EXERCISE BRIEF.
After locating the line that contains "R038570 Exposition Universelle" in the records below, write out exactly that line and each line after it through the one that contains "No Ka' Oi Chocolate Bar Quilted Purse - Pink", and nothing else.

Brief descriptive captions
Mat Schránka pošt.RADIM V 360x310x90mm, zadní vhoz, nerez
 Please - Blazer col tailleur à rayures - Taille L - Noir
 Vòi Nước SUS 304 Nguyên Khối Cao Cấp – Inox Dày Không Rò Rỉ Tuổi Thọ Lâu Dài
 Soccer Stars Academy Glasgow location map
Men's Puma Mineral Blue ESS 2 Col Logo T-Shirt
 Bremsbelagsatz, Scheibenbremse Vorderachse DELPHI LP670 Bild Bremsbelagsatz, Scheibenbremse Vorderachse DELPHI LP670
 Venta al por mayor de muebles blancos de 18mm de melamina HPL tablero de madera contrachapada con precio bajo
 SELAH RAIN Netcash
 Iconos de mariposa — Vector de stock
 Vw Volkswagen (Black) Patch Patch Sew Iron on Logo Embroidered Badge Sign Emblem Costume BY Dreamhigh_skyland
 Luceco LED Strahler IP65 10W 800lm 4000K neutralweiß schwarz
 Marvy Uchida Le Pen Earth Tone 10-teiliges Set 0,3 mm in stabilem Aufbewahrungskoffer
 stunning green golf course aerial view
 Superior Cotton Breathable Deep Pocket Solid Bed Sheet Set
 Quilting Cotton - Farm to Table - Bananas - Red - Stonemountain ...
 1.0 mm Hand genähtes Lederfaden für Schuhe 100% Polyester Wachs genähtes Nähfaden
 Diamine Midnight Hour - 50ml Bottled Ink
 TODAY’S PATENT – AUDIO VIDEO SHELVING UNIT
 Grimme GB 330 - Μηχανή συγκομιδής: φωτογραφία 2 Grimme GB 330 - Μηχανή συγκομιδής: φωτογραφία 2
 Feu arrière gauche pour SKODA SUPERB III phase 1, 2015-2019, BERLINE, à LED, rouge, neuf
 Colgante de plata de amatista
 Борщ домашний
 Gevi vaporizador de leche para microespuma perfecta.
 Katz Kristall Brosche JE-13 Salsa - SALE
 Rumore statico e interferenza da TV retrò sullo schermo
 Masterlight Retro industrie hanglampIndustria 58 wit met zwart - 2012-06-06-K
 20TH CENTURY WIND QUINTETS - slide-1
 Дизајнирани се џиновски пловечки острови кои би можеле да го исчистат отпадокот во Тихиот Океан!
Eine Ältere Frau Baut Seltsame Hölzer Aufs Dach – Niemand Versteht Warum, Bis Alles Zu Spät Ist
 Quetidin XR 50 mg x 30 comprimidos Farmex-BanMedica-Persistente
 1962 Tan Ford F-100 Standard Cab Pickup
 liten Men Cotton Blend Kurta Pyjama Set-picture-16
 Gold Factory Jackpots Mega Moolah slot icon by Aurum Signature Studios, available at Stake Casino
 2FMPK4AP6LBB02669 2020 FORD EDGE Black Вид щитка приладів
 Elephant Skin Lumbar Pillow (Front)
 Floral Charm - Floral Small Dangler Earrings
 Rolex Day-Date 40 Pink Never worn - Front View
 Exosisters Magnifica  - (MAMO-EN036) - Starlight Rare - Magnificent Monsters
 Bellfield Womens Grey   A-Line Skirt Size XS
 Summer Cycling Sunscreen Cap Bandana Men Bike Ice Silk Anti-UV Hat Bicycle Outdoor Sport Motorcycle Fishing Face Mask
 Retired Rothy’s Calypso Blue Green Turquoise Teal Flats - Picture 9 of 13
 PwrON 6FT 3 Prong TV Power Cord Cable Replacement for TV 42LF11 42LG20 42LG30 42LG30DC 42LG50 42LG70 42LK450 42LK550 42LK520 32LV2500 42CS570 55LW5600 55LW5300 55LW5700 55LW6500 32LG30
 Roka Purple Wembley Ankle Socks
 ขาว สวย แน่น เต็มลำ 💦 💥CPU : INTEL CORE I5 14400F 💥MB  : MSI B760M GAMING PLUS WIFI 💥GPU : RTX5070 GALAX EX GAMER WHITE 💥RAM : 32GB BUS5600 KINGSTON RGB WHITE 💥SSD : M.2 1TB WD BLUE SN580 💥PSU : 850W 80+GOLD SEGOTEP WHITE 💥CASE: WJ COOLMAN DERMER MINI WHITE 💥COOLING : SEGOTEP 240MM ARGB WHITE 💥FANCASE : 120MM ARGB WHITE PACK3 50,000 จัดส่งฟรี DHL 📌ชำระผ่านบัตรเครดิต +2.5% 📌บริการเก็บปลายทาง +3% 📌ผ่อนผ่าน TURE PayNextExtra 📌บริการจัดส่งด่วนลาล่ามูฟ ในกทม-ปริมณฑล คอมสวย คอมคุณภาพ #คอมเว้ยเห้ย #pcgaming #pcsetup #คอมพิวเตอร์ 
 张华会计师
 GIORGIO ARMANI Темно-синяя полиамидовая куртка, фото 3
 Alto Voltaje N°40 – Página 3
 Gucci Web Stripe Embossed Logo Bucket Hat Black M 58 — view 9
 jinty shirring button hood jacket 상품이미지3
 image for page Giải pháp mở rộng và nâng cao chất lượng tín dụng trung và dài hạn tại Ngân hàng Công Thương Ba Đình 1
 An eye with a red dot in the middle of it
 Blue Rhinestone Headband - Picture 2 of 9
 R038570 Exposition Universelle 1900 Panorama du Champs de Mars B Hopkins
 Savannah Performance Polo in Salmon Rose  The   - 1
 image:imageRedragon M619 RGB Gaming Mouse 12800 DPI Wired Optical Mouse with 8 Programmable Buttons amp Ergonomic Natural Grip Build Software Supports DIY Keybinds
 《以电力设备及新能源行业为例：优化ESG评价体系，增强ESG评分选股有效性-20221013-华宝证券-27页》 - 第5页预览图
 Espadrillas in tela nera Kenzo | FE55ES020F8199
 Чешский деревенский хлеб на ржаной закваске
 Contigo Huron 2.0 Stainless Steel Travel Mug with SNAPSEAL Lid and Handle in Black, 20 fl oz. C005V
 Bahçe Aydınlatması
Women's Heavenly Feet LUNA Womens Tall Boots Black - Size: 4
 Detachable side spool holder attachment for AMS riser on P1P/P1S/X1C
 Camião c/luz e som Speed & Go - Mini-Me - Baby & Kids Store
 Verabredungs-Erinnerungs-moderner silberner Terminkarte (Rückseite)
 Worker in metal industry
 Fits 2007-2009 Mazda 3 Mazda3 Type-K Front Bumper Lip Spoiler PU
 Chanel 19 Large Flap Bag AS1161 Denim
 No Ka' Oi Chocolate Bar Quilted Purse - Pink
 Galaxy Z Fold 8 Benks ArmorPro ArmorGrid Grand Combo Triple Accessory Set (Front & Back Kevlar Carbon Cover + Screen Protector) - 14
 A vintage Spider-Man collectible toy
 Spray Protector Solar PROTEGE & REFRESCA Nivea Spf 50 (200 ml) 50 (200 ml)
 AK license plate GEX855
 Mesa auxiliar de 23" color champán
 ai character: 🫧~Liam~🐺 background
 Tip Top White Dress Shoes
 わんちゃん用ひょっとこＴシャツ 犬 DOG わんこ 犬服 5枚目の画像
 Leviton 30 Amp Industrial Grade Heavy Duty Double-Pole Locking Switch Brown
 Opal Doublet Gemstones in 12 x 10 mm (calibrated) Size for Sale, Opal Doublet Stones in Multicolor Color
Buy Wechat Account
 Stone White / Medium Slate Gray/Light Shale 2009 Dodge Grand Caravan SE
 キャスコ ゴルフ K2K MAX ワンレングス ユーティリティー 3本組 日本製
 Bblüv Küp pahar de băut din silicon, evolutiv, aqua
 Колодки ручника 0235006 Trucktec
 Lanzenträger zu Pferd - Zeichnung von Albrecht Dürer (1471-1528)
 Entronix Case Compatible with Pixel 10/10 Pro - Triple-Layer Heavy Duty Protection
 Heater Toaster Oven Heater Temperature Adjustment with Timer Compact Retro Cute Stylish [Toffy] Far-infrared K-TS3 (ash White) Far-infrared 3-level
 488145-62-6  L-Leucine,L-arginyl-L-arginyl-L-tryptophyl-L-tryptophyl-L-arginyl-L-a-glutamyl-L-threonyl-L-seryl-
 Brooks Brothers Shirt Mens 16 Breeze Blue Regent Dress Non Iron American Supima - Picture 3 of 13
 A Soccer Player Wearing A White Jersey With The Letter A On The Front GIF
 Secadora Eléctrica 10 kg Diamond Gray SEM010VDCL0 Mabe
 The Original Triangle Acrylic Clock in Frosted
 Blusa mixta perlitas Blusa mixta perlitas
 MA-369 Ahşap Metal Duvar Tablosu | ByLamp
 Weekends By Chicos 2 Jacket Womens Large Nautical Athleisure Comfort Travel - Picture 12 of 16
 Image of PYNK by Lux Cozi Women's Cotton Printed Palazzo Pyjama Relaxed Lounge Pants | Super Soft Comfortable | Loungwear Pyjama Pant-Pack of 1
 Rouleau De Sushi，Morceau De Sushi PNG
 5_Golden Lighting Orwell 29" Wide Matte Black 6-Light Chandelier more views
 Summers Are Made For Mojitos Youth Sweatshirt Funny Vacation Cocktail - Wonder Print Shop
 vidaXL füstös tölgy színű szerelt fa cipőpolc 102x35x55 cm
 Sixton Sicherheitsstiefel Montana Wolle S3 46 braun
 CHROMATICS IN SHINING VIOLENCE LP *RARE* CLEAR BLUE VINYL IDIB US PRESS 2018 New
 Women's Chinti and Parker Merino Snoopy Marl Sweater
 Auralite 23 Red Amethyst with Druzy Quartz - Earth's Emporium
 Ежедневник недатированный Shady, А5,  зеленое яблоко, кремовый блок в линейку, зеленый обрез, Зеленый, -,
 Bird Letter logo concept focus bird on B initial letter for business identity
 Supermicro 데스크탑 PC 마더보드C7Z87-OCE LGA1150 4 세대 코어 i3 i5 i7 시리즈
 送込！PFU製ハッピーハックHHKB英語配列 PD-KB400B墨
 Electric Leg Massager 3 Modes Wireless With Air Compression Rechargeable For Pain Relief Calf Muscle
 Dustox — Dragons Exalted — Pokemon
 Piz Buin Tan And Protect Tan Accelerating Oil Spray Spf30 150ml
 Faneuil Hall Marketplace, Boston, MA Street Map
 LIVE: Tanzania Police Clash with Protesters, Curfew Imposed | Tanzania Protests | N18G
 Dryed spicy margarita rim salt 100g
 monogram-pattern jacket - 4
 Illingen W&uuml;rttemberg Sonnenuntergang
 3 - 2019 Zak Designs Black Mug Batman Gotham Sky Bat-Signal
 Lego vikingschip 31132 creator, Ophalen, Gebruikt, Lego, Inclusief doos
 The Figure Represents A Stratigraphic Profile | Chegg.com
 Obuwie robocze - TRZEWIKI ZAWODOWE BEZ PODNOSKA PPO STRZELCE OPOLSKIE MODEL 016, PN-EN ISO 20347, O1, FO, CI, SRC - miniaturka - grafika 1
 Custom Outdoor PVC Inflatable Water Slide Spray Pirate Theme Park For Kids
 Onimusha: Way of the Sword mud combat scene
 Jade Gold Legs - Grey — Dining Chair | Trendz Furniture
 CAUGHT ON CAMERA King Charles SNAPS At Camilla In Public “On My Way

ANSWER TO THE EXERCISE.
 R038570 Exposition Universelle 1900 Panorama du Champs de Mars B Hopkins
 Savannah Performance Polo in Salmon Rose  The   - 1
 image:imageRedragon M619 RGB Gaming Mouse 12800 DPI Wired Optical Mouse with 8 Programmable Buttons amp Ergonomic Natural Grip Build Software Supports DIY Keybinds
 《以电力设备及新能源行业为例：优化ESG评价体系，增强ESG评分选股有效性-20221013-华宝证券-27页》 - 第5页预览图
 Espadrillas in tela nera Kenzo | FE55ES020F8199
 Чешский деревенский хлеб на ржаной закваске
 Contigo Huron 2.0 Stainless Steel Travel Mug with SNAPSEAL Lid and Handle in Black, 20 fl oz. C005V
 Bahçe Aydınlatması
Women's Heavenly Feet LUNA Womens Tall Boots Black - Size: 4
 Detachable side spool holder attachment for AMS riser on P1P/P1S/X1C
 Camião c/luz e som Speed & Go - Mini-Me - Baby & Kids Store
 Verabredungs-Erinnerungs-moderner silberner Terminkarte (Rückseite)
 Worker in metal industry
 Fits 2007-2009 Mazda 3 Mazda3 Type-K Front Bumper Lip Spoiler PU
 Chanel 19 Large Flap Bag AS1161 Denim
 No Ka' Oi Chocolate Bar Quilted Purse - Pink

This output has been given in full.